>>

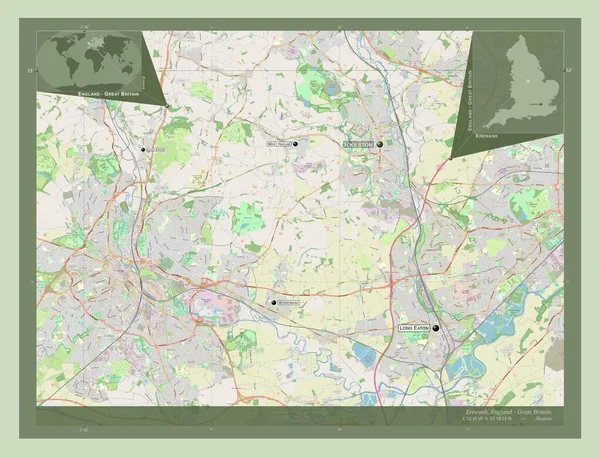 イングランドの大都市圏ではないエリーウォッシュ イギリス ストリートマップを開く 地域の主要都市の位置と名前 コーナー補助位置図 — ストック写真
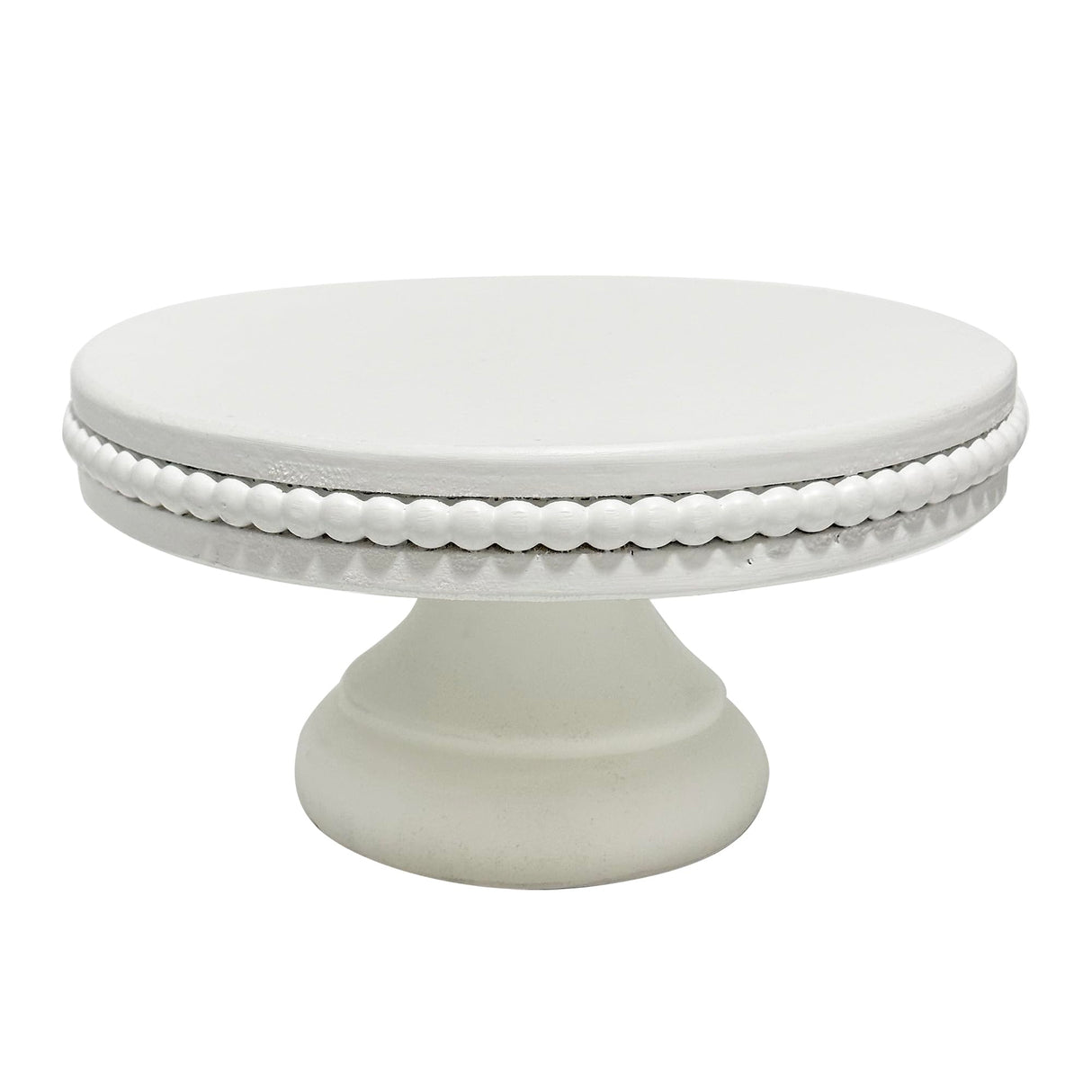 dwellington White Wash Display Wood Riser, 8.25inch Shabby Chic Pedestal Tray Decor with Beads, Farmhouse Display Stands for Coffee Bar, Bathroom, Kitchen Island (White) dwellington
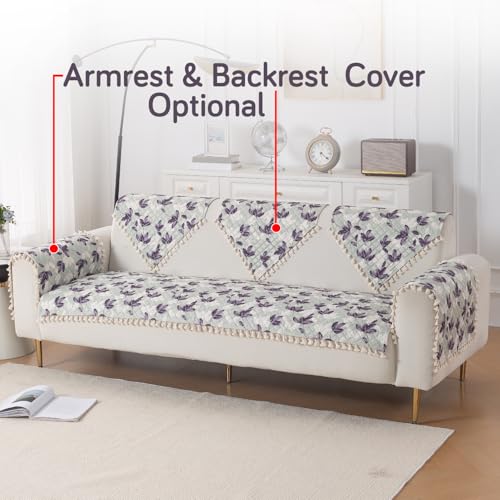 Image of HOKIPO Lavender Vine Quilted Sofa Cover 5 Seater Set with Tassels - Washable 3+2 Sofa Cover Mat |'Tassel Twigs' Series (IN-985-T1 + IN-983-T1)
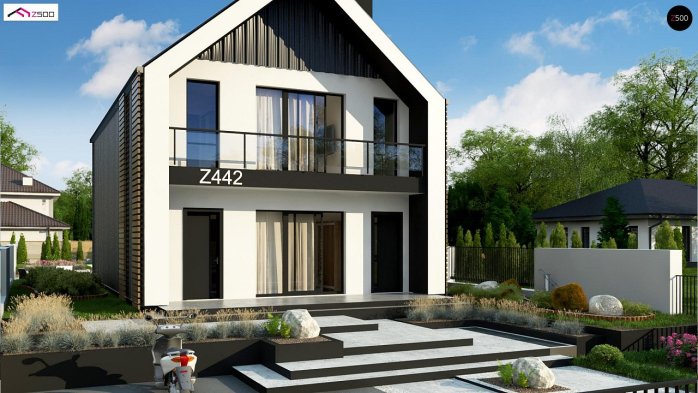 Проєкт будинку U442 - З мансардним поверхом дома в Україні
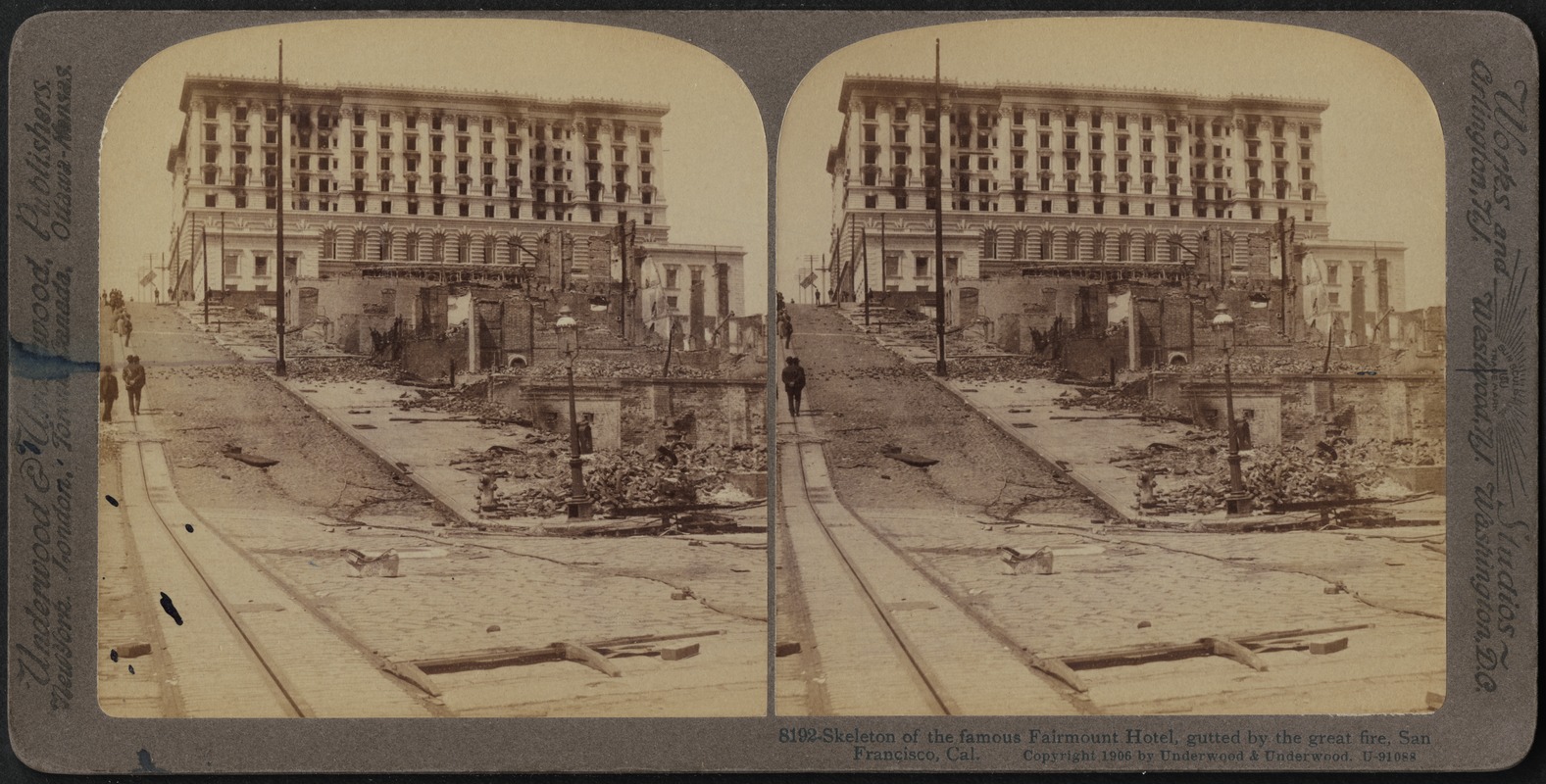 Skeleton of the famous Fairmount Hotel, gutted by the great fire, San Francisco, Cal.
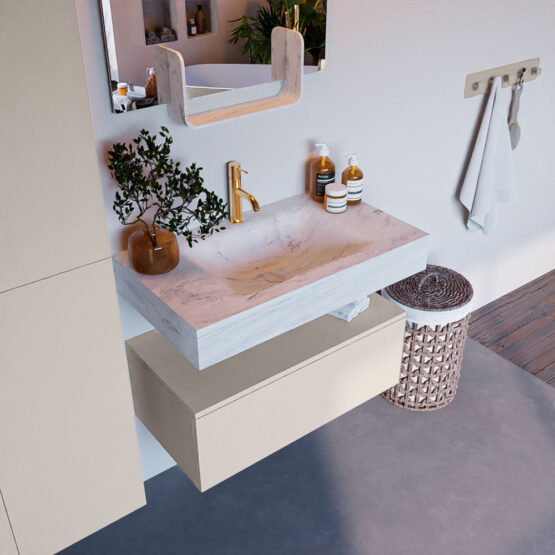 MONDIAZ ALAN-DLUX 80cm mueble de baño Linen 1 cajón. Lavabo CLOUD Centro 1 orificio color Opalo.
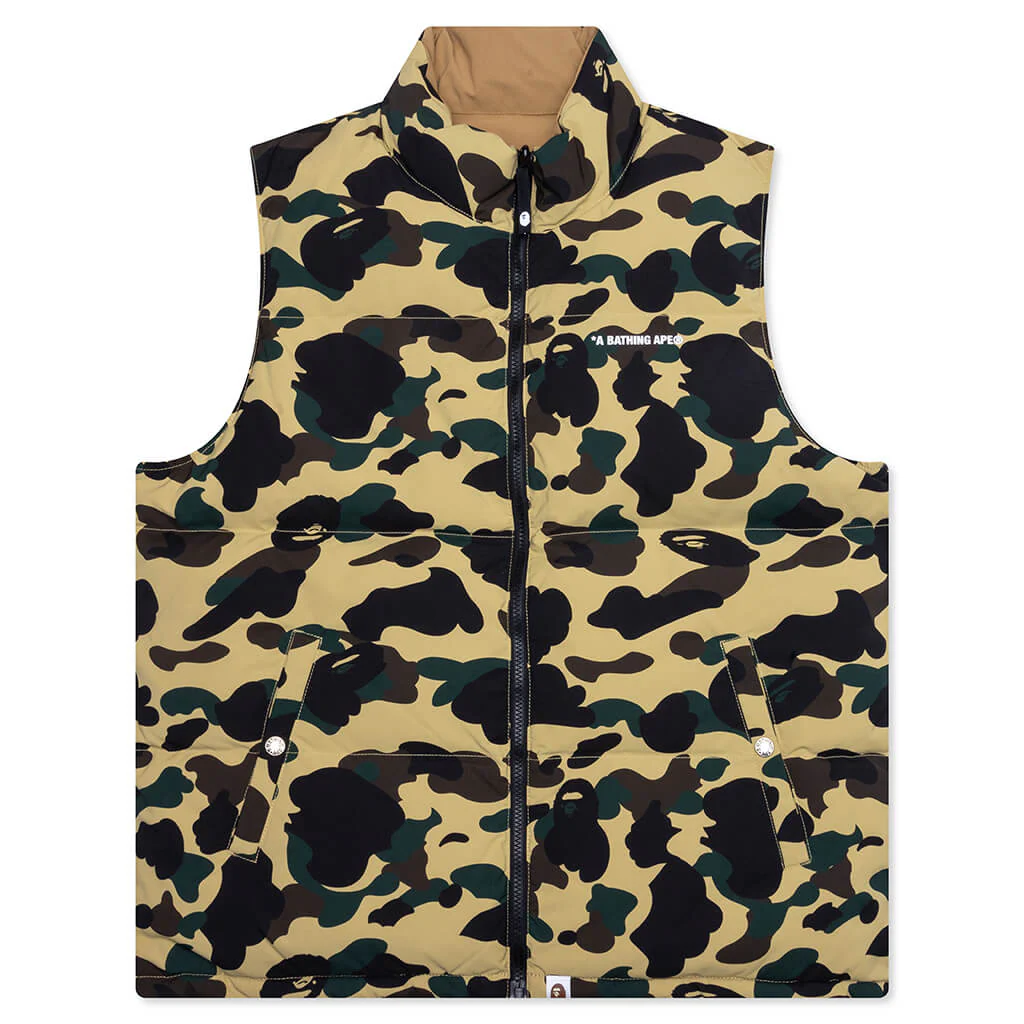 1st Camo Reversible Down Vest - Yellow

<<

§ ACTIVITY
Repeat the entries word for word and skip the pictures.

§ RESPONSE AREA
 イングランドの大都市圏ではないエリーウォッシュ イギリス ストリートマップを開く 地域の主要都市の位置と名前 コーナー補助位置図 — ストック写真
 dwellington White Wash Display Wood Riser, 8.25inch Shabby Chic Pedestal Tray Decor with Beads, Farmhouse Display Stands for Coffee Bar, Bathroom, Kitchen Island (White) dwellington
 Image of HOKIPO Lavender Vine Quilted Sofa Cover 5 Seater Set with Tassels - Washable 3+2 Sofa Cover Mat |'Tassel Twigs' Series (IN-985-T1 + IN-983-T1)
 Проєкт будинку U442 - З мансардним поверхом дома в Україні
 Skeleton of the famous Fairmount Hotel, gutted by the great fire, San Francisco, Cal.
 MONDIAZ ALAN-DLUX 80cm mueble de baño Linen 1 cajón. Lavabo CLOUD Centro 1 orificio color Opalo.
 1st Camo Reversible Down Vest - Yellow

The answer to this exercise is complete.